## Data shown
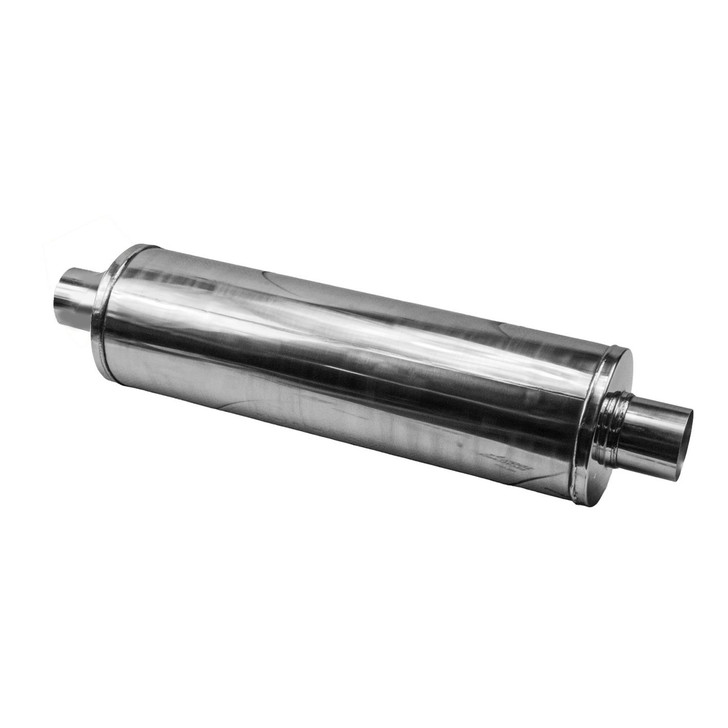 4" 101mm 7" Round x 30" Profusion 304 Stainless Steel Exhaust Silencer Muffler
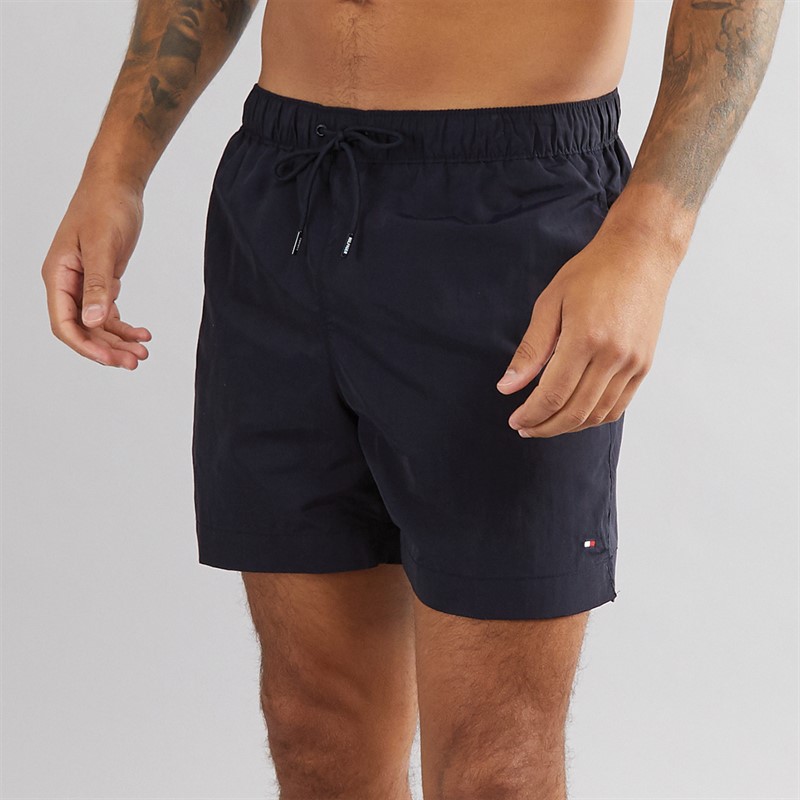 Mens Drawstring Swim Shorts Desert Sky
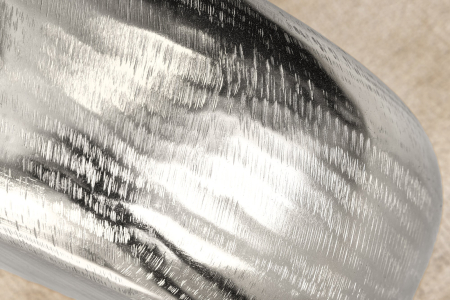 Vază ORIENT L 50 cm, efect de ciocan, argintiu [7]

## Exercise directions
The line containing "Mens Drawstring Swim Shorts Desert Sky" and every line after it, through the end of the data, are to be output exactly. Omit the pictures.

## Your solution
 Mens Drawstring Swim Shorts Desert Sky
 Vază ORIENT L 50 cm, efect de ciocan, argintiu [7]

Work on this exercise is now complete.